Both are already being used. In 2018, Virgin Atlantic flew a Boeing 747 from Orlando to London using fuel made in part from captured greenhouse gas emissions.

A Virgin Atlantic VS16 flight preparing for take off at Orlando International Airport in Florida on October 2, 2018. (Photo: Doug Peters, PA Wire)
Is that a robot in that field?
What’s old will be new again in many ways when it comes to food and farming, experts say. The nation's food supply is likely to be fresher and more wholesome as growers and sellers become better at managing logistics to minimize travel time and loss.

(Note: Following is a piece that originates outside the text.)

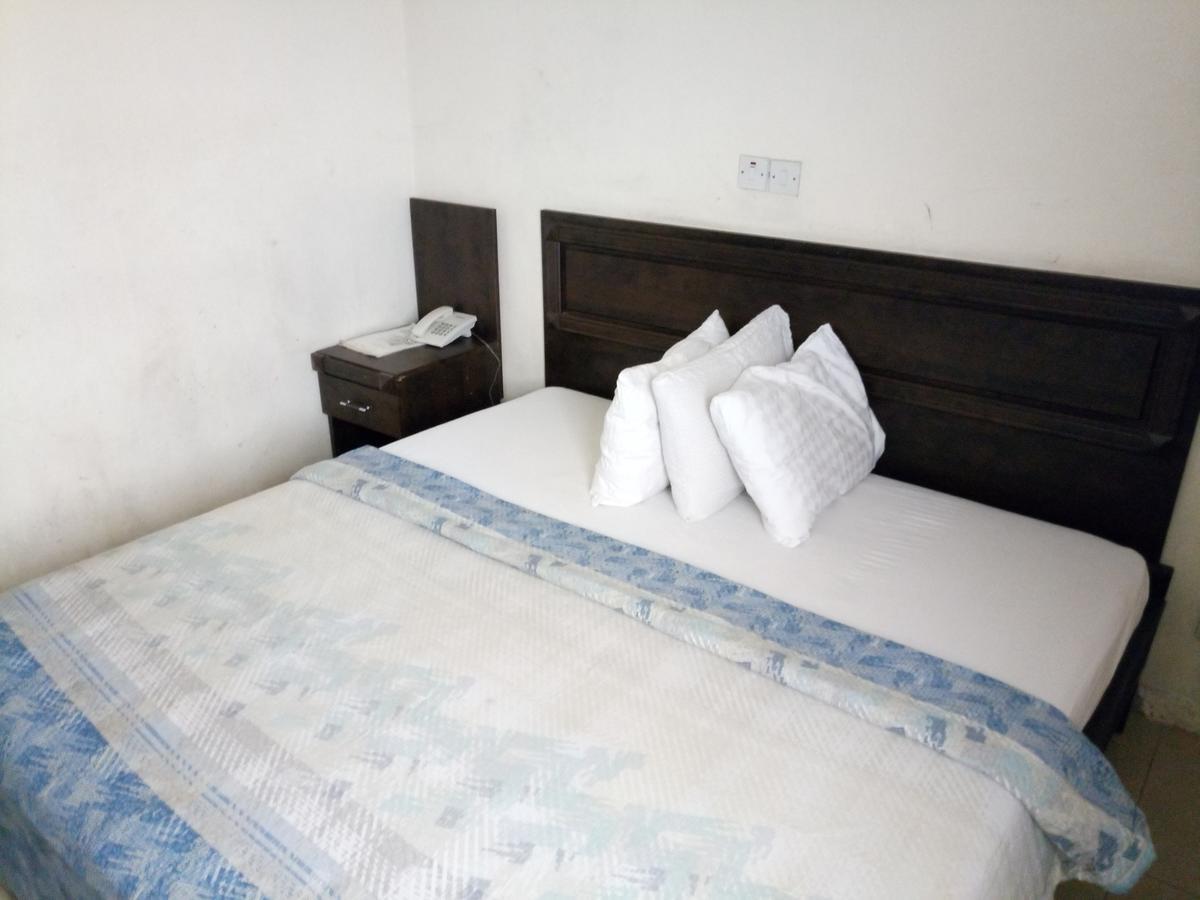 Hotel Benizia Asaba Eksteriør bilde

We’ll eat more seasonably than we do now because we’ll be paying more for energy and farmers will be thinking harder about water and energy usage.
“We’ve gotten into this mode that we expect to see blueberries and oranges every week of the year. As energy costs go higher and water becomes even in more short supply in the future, not every type of food will be available at every moment,” said Robert Myers, a professor of agriculture at the University of Missouri in Columbia, Missouri, and an expert on climate change and sustainable agriculture.
Not that kiwis won’t be available from New Zealand, or tomatoes in December, but they’ll be more expensive.
Amanda Little, author of the forthcoming book “The Fate of Food: What We’ll Eat in a Bigger, Hotter, Smarter World,” said mankind will likely be eating the same kinds of food we eat today, but it will be produced differently and much more efficiently.
That's especially true of meat, which she predicts will be either plant-based faux meat or tissue grown in vats that is identical to meat on a cellular level.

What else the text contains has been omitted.